Eric Robidoux perdu dans les forêts de Sibérie
En 2010, l’explorateur et écrivain Sylvain Tesson s’est enfermé dans une cabane sibérienne, à la recherche d’un nouveau rapport à soi. Paula de Vasconcelos et Éric Robidoux donnent une incarnation scénique à ses méditations forestières dans le spectacle Dans les forêts de Sibérie. Entrevue.
Les amateurs de récits de voyage et les grands bourlingueurs de ce monde connaissent bien Sylvain Tesson, grand aventurier qui a souvent trouvé des manières inédites d’appréhender le monde et grand idéaliste à la recherche d’un rapport brut avec le territoire et avec l’Histoire. Mais en 2010, il a eu envie d’arrêter de marcher pour se poser 6 mois au lac Baïkal en Sibérie, dans une petite cabane. Seul au monde, à 7 jours de marche du village le plus proche, avec une caisse de cigares, une caisse de vodka, du riz et des livres, il en a tiré un livre d’observations sur la nature, sur l’intimité et la solitude.
«J’ai trouvé cette lecture fascinante», raconte le comédien-danseur Éric Robidoux, qui a créé avec Paula de Vasconcelos «une longue phrase chorégraphique» inspirée de cette œuvre. Celui qu’on connaît pour son travail chez Dave Saint-Pierre ou pour des rôles atypiques et toujours puissamment physiques dans les œuvres de Christian Lapointe est, dans la vie, une âme assez contemplative. Sa première idée était d’ailleurs de présenter Dans les forêts de Sibérie «à la lumière du jour, tôt le matin». «On a commencé par travailler une forme matinale, un spectacle à montrer seulement quand les esprits sont vierges, quand le silence règne et quand l’écoute n’est pas parasitée.»

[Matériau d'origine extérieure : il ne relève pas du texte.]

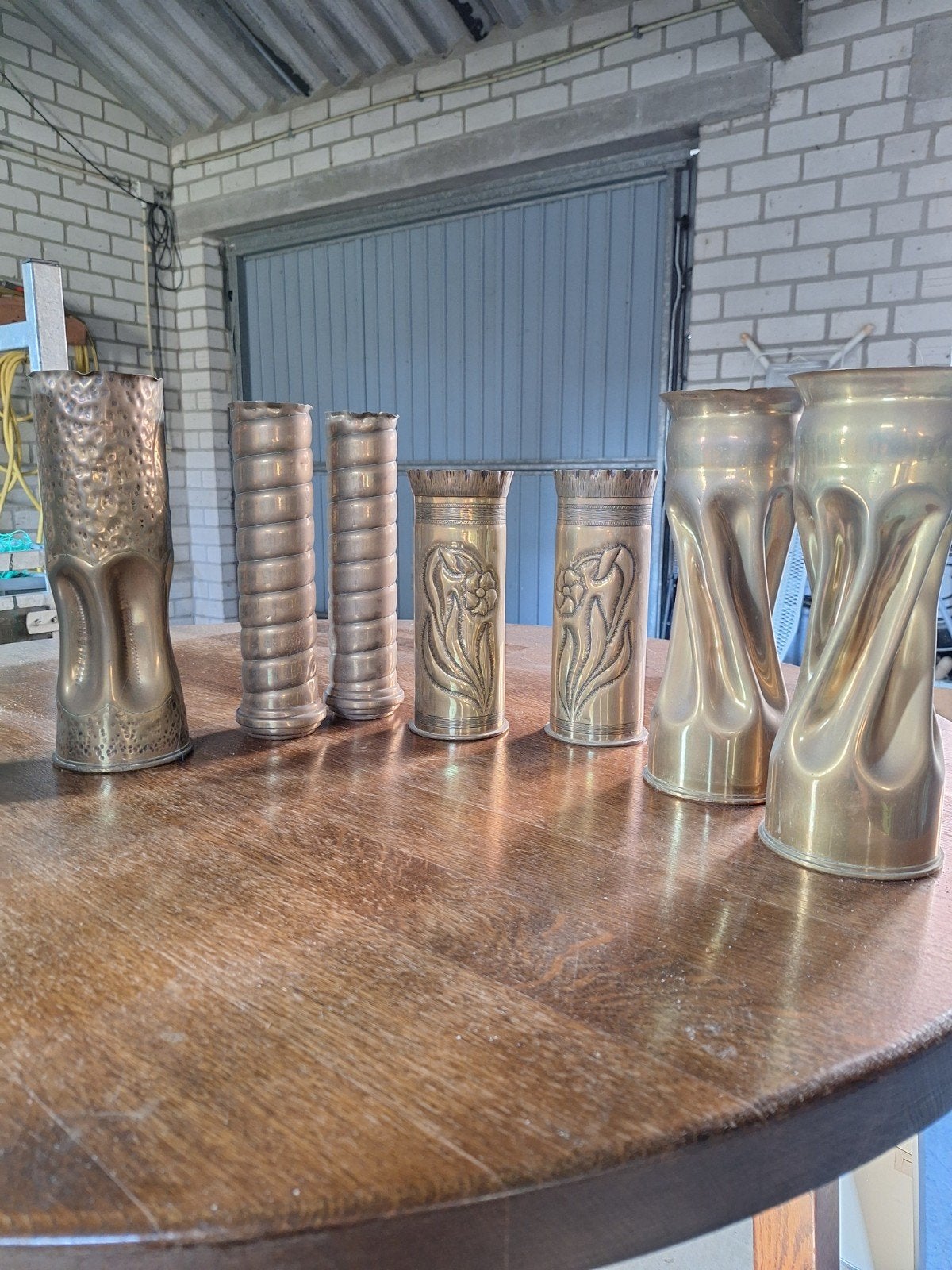 4 sets bewerkte hulzen - Unieke decoratieve items, Ophalen of Verzenden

Seul en scène, entouré de bûches de bois et de quelques éléments scénographiques, Robidoux tente de s’approcher de l’atmosphère sibérienne en cultivant un mouvement la plupart du temps minimaliste, accompagné d’extraits du livre de Tesson (qui sont projetés sur une fenêtre du décor). «Je ne me voyais pas parler pendant ce spectacle, dit-il. Il aurait été inopportun de déranger par la parole une œuvre qui est de nature contemplative et silencieuse. L’idée, c’est de recréer une atmosphère, un état, et de plonger le spectateur avec nous dans cet univers-là. On ne voulait rien jouer par-dessus cette œuvre, seulement donner aux gens à observer un point de fuite, et permettre à tous de projeter en moi toutes les images qu’ils veulent – comme un tableau neutre.»
Ainsi est évacuée la dimension environnementaliste de l’œuvre (Tesson aborde la protection de la forêt à quelques reprises) pour créer un espace de liberté de regard et d’aération mentale. «On ne voulait pas être dans le sentencieux, on voulait créer un tunnel dans lequel les gens entrent à leur guise. Un endroit où changer de vitesse, en tout cas, comme une forme de recueillement, d’assagissement, qui est aussi accentué par la musique d’Owen Belton. Avec lui on est allés faire de la raquette, on a enregistré des sons de neige et de forêt, à partir desquels il a conçu une musique organique. Et du coup ça prend des dimensions divines.»
Et le corps? N’y-a-t-il que l’immobilisme qui puisse représenter l’état d’esprit du voyageur sibérien? Dans le livre, Tesson raconte les transformations de son corps, qui, peu à peu, devient «moins vif». Robidoux nuance : «Tesson explique que, comparé au rat des villes, le rat des campagnes est moins excité, qu’il a moins de répartie. Pas qu’il soit engourdi, mais d’une certaine façon il est plus proche de l’essentiel. Avec le corps, je travaille l’immobilisme, mais aussi une déambulation solitaire un peu engourdie. Sauf qu’on ne néglige pas dans le spectacle les moments de folie et de ludisme qui peuvent émerger de la solitude – car la solitude peut aussi devenir espace de liberté, débarrassé du jugement de l’autre.»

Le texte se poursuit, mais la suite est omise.